TRY IT. Set down the data again word for word. Skip any pictures.

(DATA EXTRACT begins)

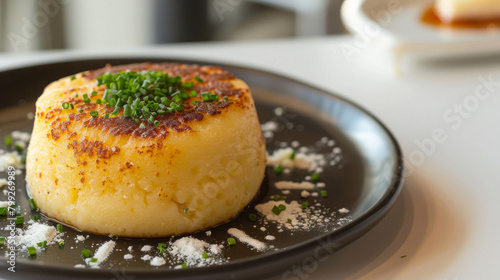 Delectable serving of elarji, traditional georgian cornmeal dish, garnished with fresh chives and svanetian salt on a black plate photo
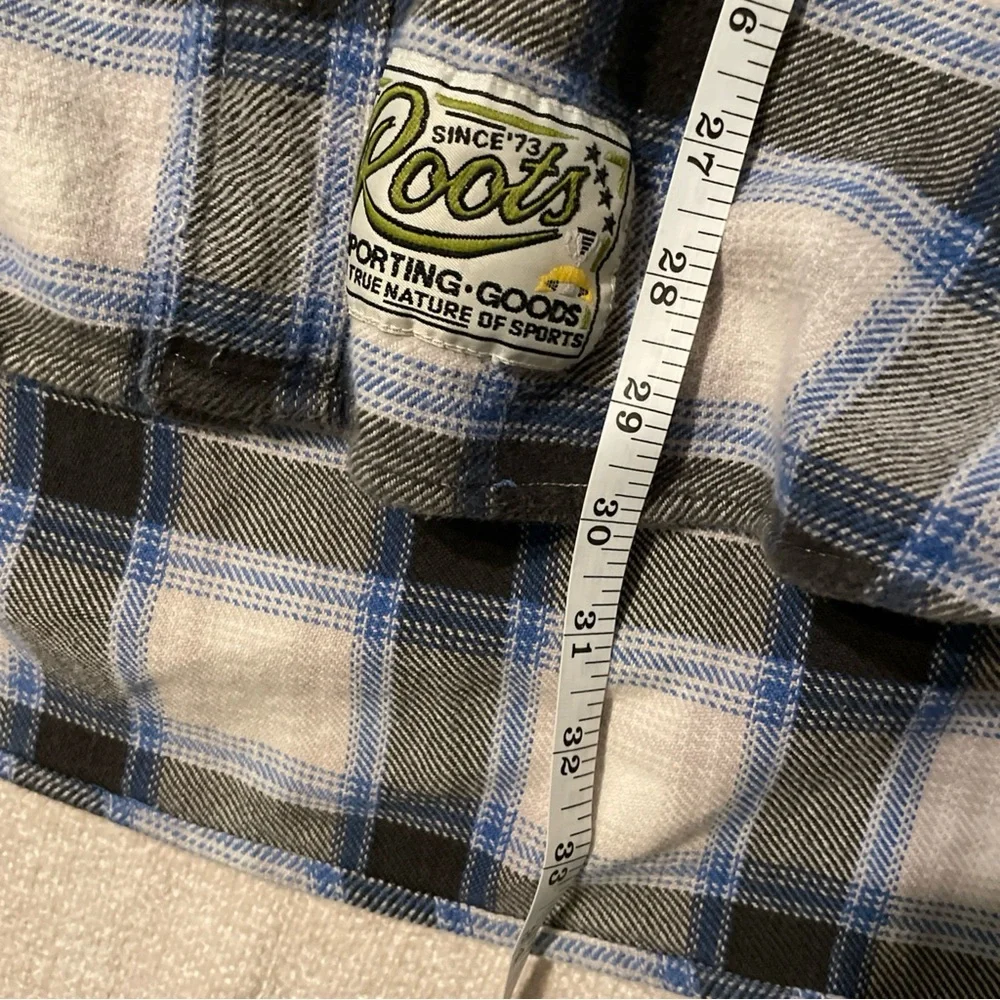 Roots Hooded Plaid Flannel Vest with Blue Accents 2XLT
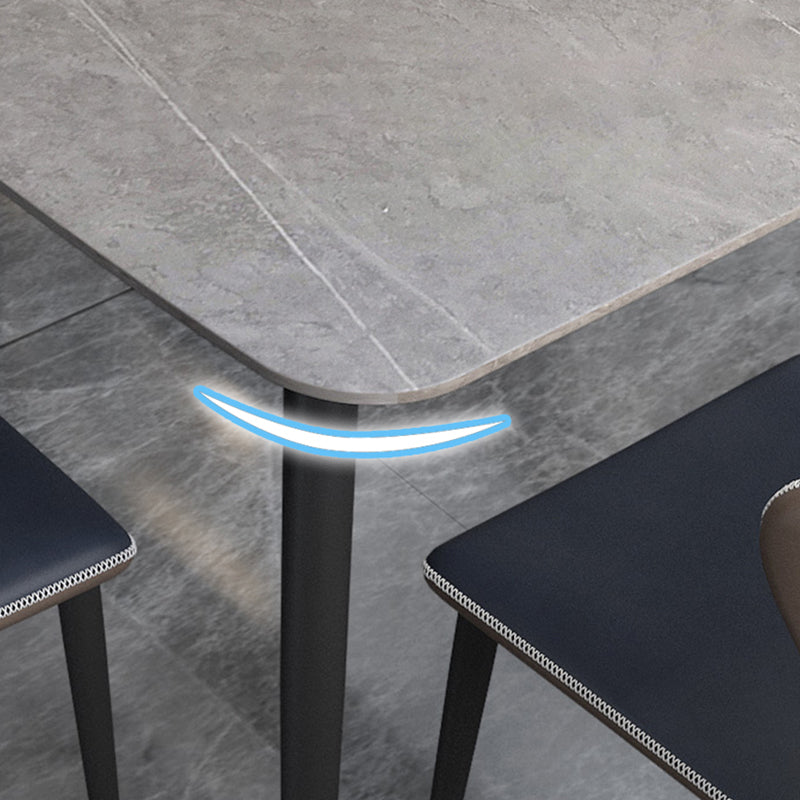 Metal Modern Rectangular Table Sintered Stone Table for Dining Room and Kitchen Clearhalo ' dining_table' 'Dining Tables & Seating' 'Dining Tables' 'furn' 'furn_dining_table' 'Furniture' 'furniture_dining_table' 'Kitchen & Dining Furniture' 'kitchen&dining_furn' 'kitchen' 'kitchen_dining_table' 3578820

(DATA EXTRACT ends)

EXERCISE SOLUTION.
 Delectable serving of elarji, traditional georgian cornmeal dish, garnished with fresh chives and svanetian salt on a black plate photo
 Roots Hooded Plaid Flannel Vest with Blue Accents 2XLT
 Metal Modern Rectangular Table Sintered Stone Table for Dining Room and Kitchen Clearhalo ' dining_table' 'Dining Tables & Seating' 'Dining Tables' 'furn' 'furn_dining_table' 'Furniture' 'furniture_dining_table' 'Kitchen & Dining Furniture' 'kitchen&dining_furn' 'kitchen' 'kitchen_dining_table' 3578820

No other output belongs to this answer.